→ **EXERCISE DETAILS**:
Where the data below contains pictures, omit them; output the rest word for word.

→ **EXCERPTED RECORDS**:

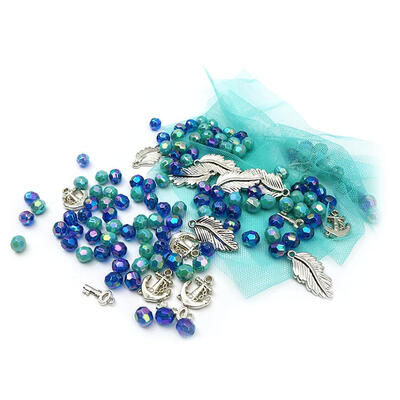 

Children Handmade DIY Acrylic Colorful Beads Toys Bracelet Jewelry Gifts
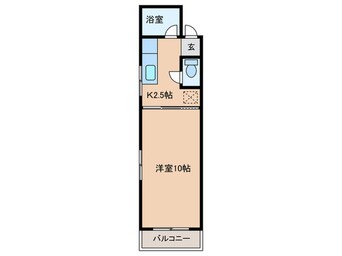 間取図 パームスプリングス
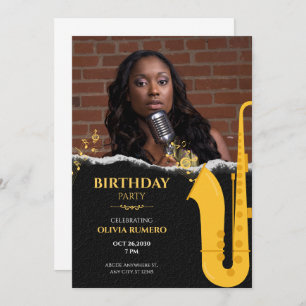 Invitation Musique Trumpet photo jazz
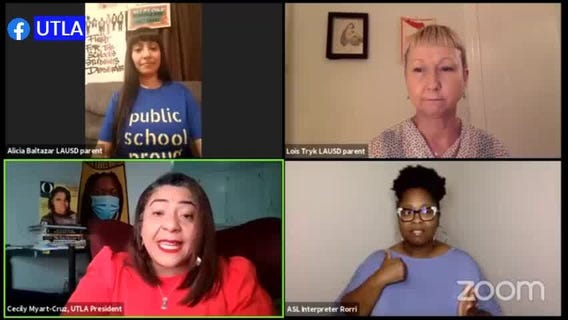 UTLA rejects sending teachers back to in-person learning unless union's demands are met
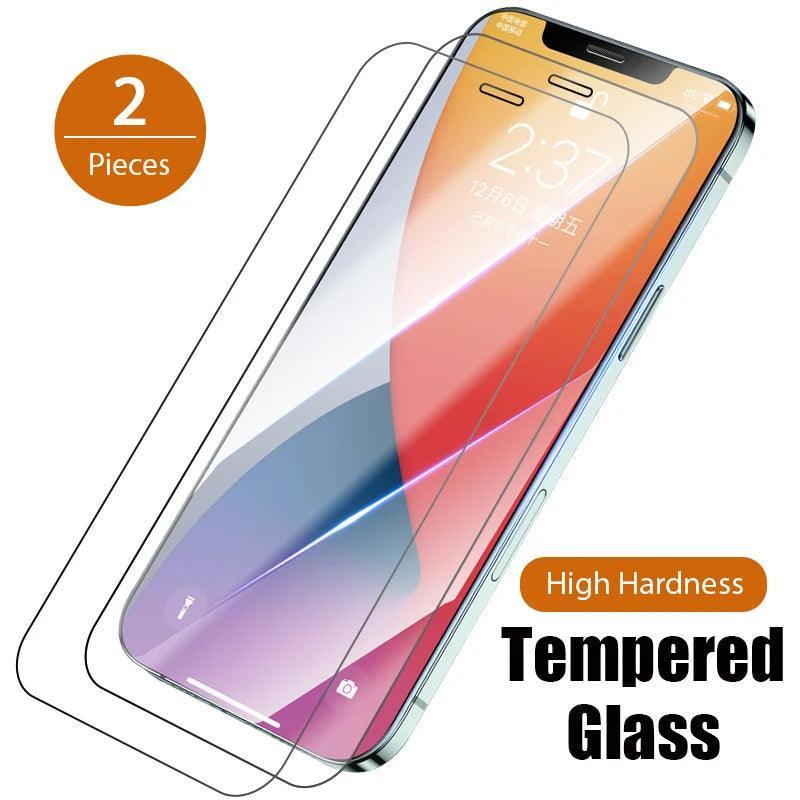 Ultra Thin Tempered Glass Screen Protector for iPhone 14, 12 Pro Max, 7, 8, SE - Scratch Resistant & Eco-Friendly  ourlum.com   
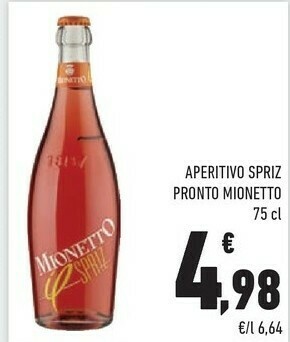 Conad Mionetto Aperitivo Spriz Pronto offerta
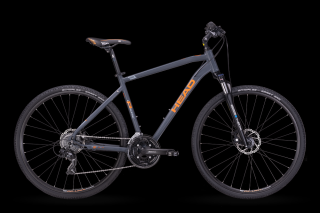Krosové kolo Head I-Peak 1.0 men, grey matt/orange Velikost rámu: 55cm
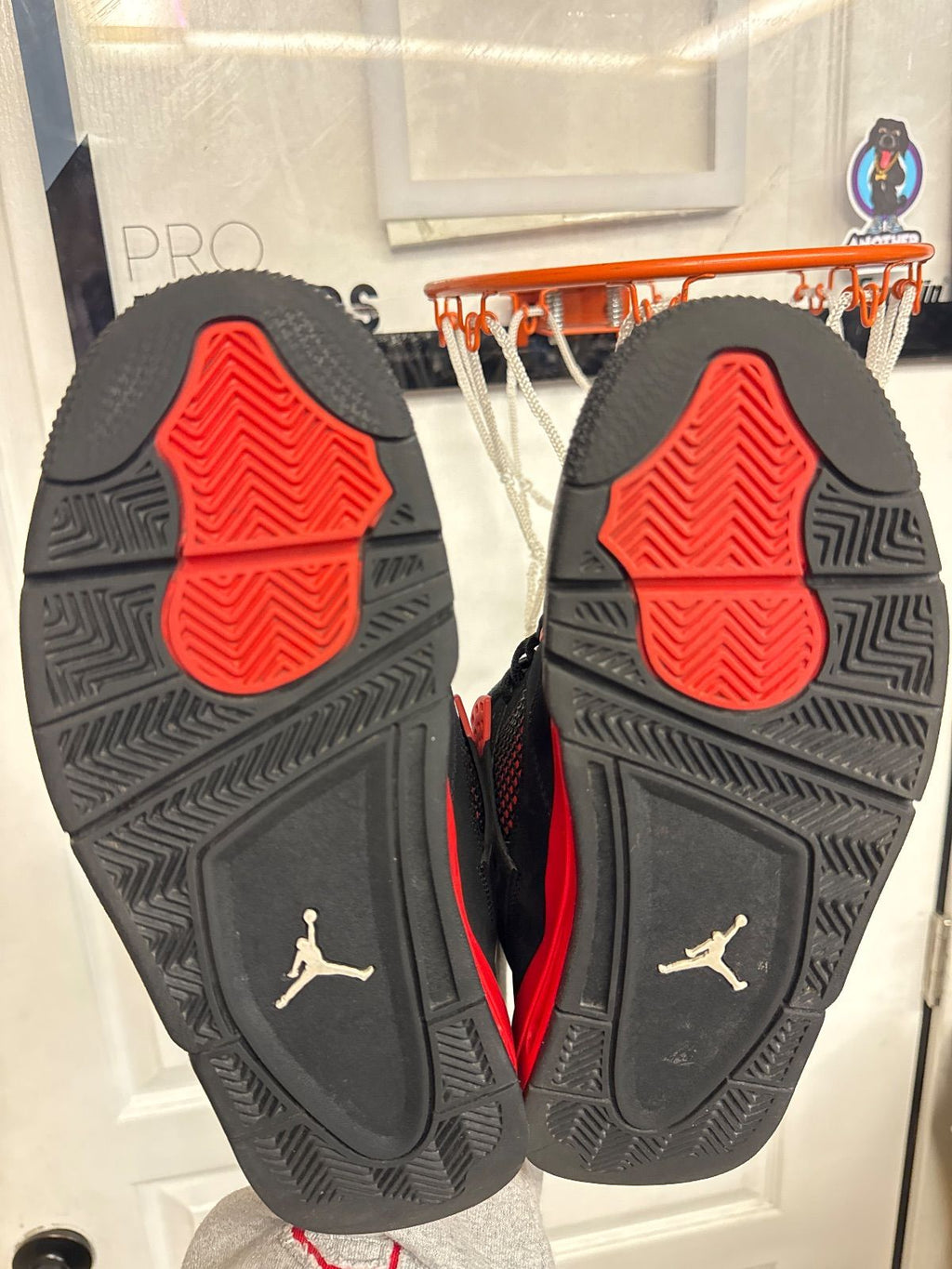 Jordan 4 Retro Red Thunder - Fairly Used, OG All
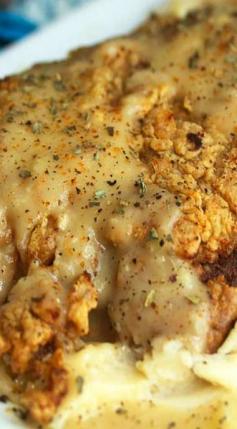 Chicken Fried Steak Recipe with Garlic Onion Gravy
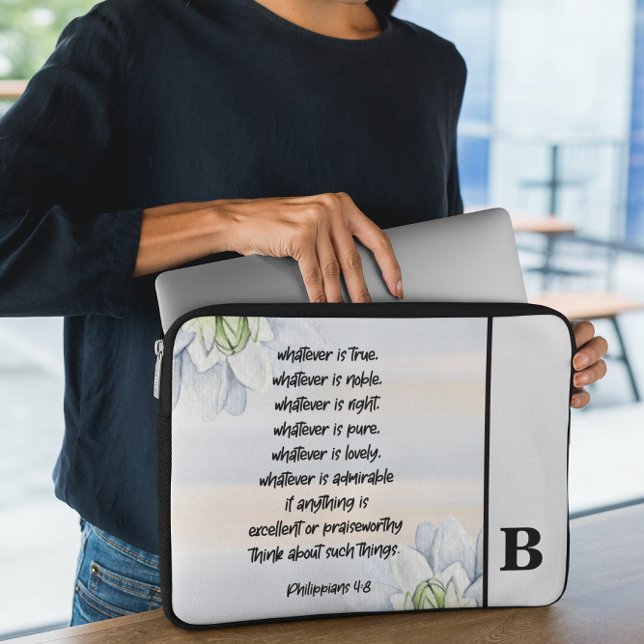 Housse Pour Ordinateur Portable Manche Ordinateur Portable Verse Monogram (Créateur téléchargé)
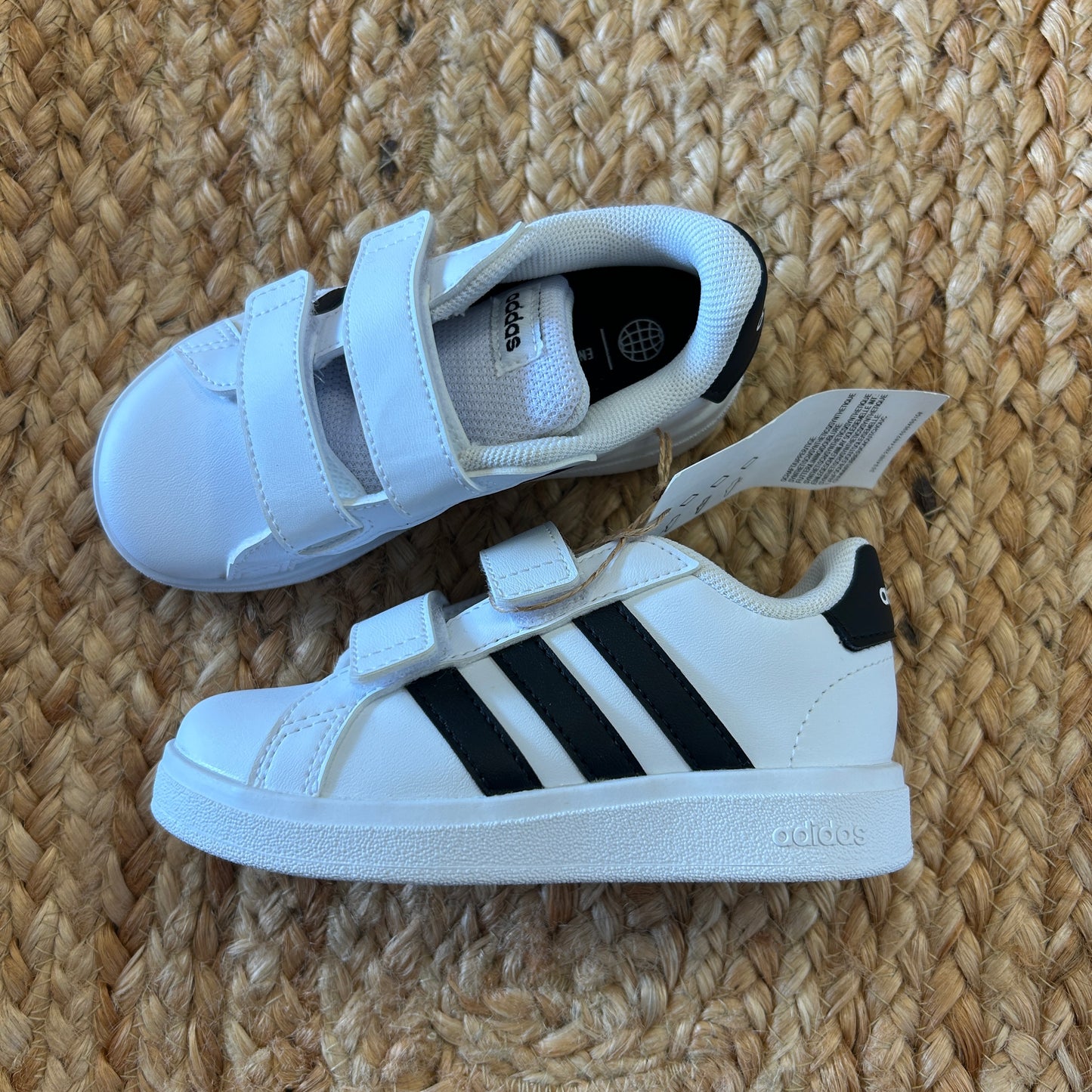 Black/White Grand Court 2.0 Sneakers NEW!
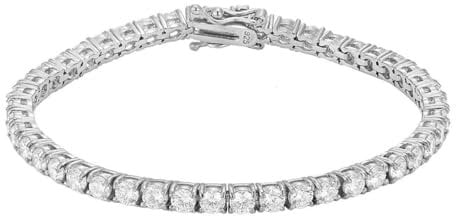 Gold Gala Tennis Armband 925 Sterling Silber mit Weißen Zirkonia für Herren und Damen (20.5)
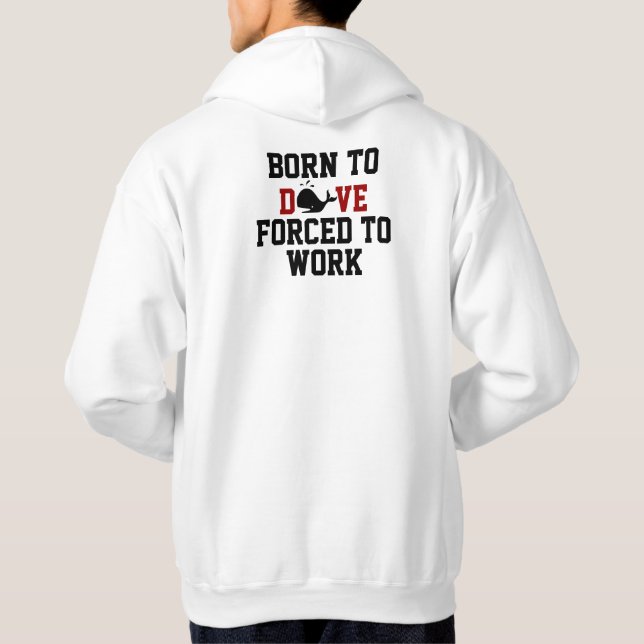 Funny scuba diving humour diver hoodie (Back)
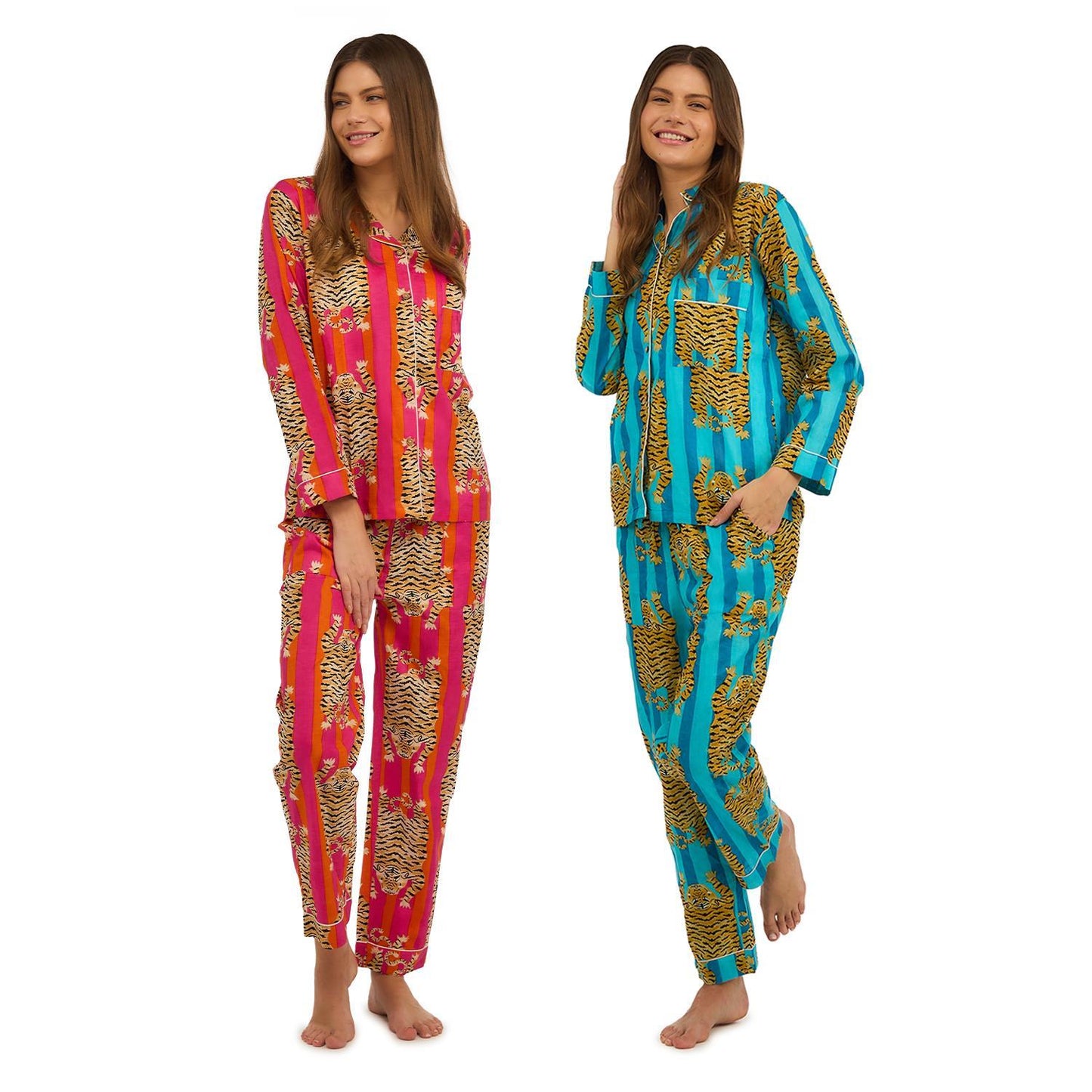 Bold Cotton Printed Pajamas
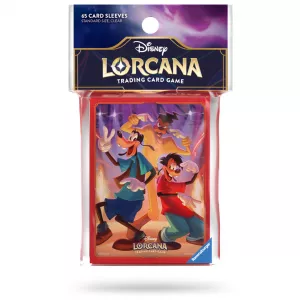 DISNEY LORCANA SLEEVES DINGO ET MAXSLEEVE, DECK BOX & PLAYMAT Boîte...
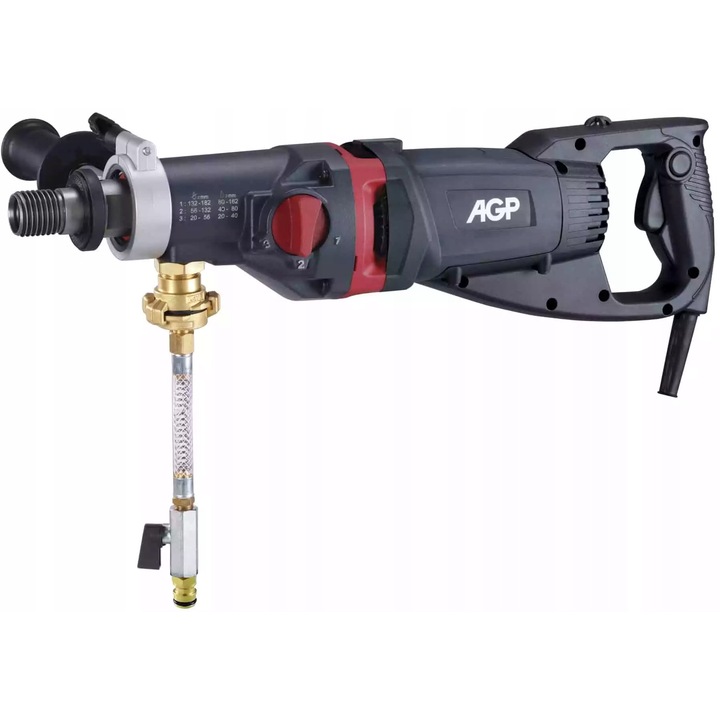 Masina de carotat cu percutie DMC160, Agp, Indicator LED, 3 viteze, 2200 W, Negru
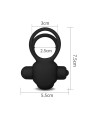 Anillo Vibrador Doble Power Clit Duo Negro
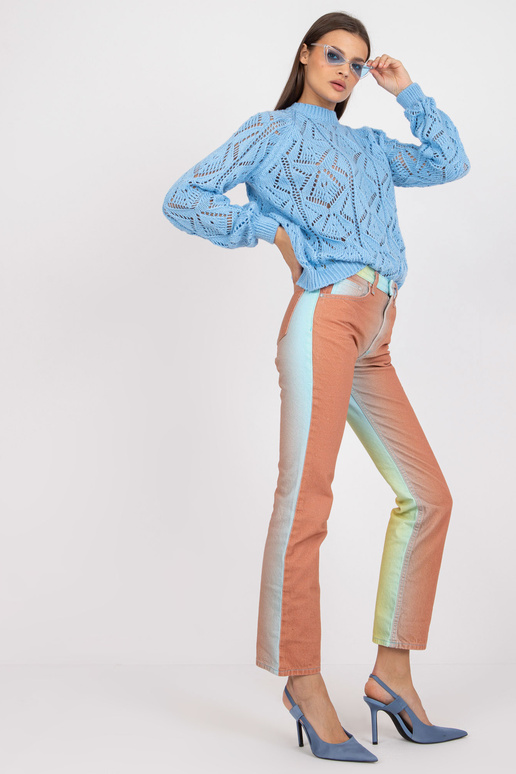 Zils ažūra klasisks džemperis ar...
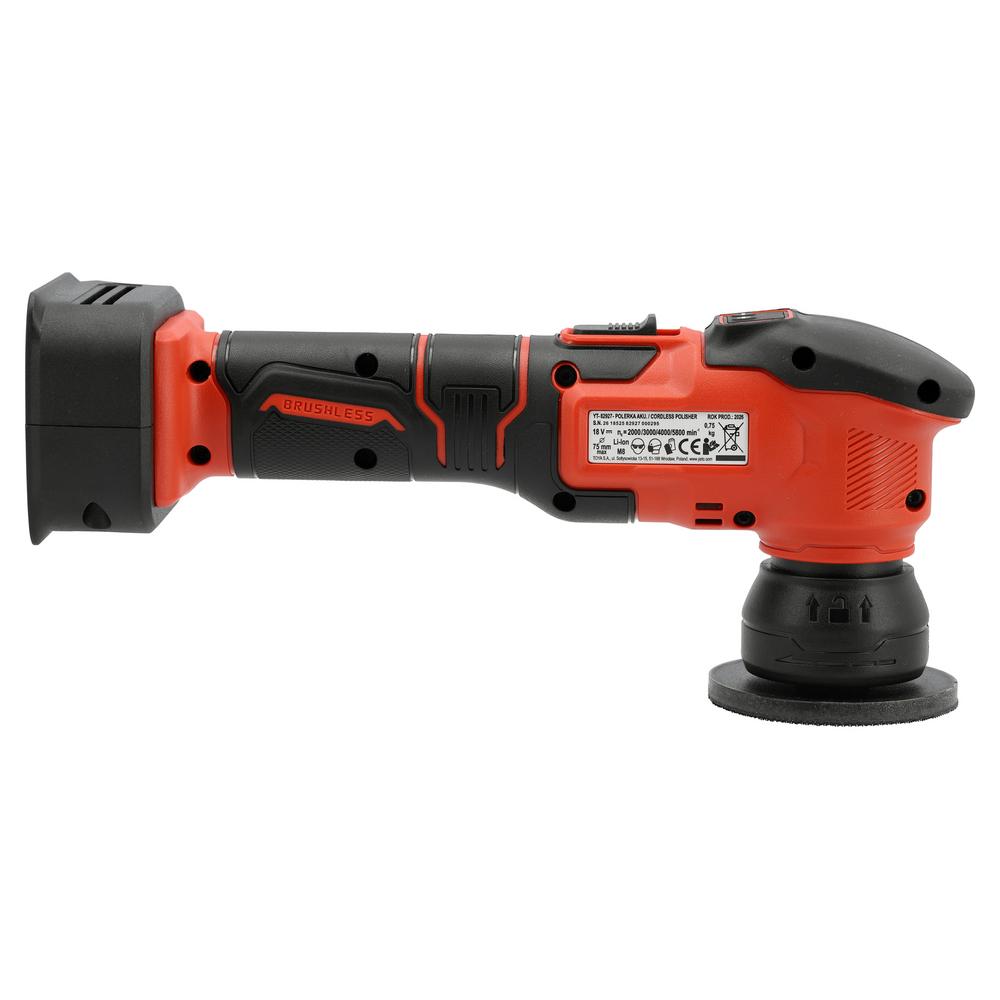 Yato akkukiillotuskone 18V 80 mm sivukuva oikealta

→ **EXERCISE RESPONSE**:
Children Handmade DIY Acrylic Colorful Beads Toys Bracelet Jewelry Gifts
 間取図 パームスプリングス
 Invitation Musique Trumpet photo jazz
 UTLA rejects sending teachers back to in-person learning unless union's demands are met
 Ultra Thin Tempered Glass Screen Protector for iPhone 14, 12 Pro Max, 7, 8, SE - Scratch Resistant & Eco-Friendly  ourlum.com   
 Conad Mionetto Aperitivo Spriz Pronto offerta
Krosové kolo Head I-Peak 1.0 men, grey matt/orange Velikost rámu: 55cm
 Jordan 4 Retro Red Thunder - Fairly Used, OG All
 Chicken Fried Steak Recipe with Garlic Onion Gravy
 Housse Pour Ordinateur Portable Manche Ordinateur Portable Verse Monogram (Créateur téléchargé)
 Black/White Grand Court 2.0 Sneakers NEW!
 Gold Gala Tennis Armband 925 Sterling Silber mit Weißen Zirkonia für Herren und Damen (20.5)
 Funny scuba diving humour diver hoodie (Back)
 Bold Cotton Printed Pajamas
 DISNEY LORCANA SLEEVES DINGO ET MAXSLEEVE, DECK BOX & PLAYMAT Boîte...
 Masina de carotat cu percutie DMC160, Agp, Indicator LED, 3 viteze, 2200 W, Negru
 Anillo Vibrador Doble Power Clit Duo Negro
 Zils ažūra klasisks džemperis ar...
 Yato akkukiillotuskone 18V 80 mm sivukuva oikealta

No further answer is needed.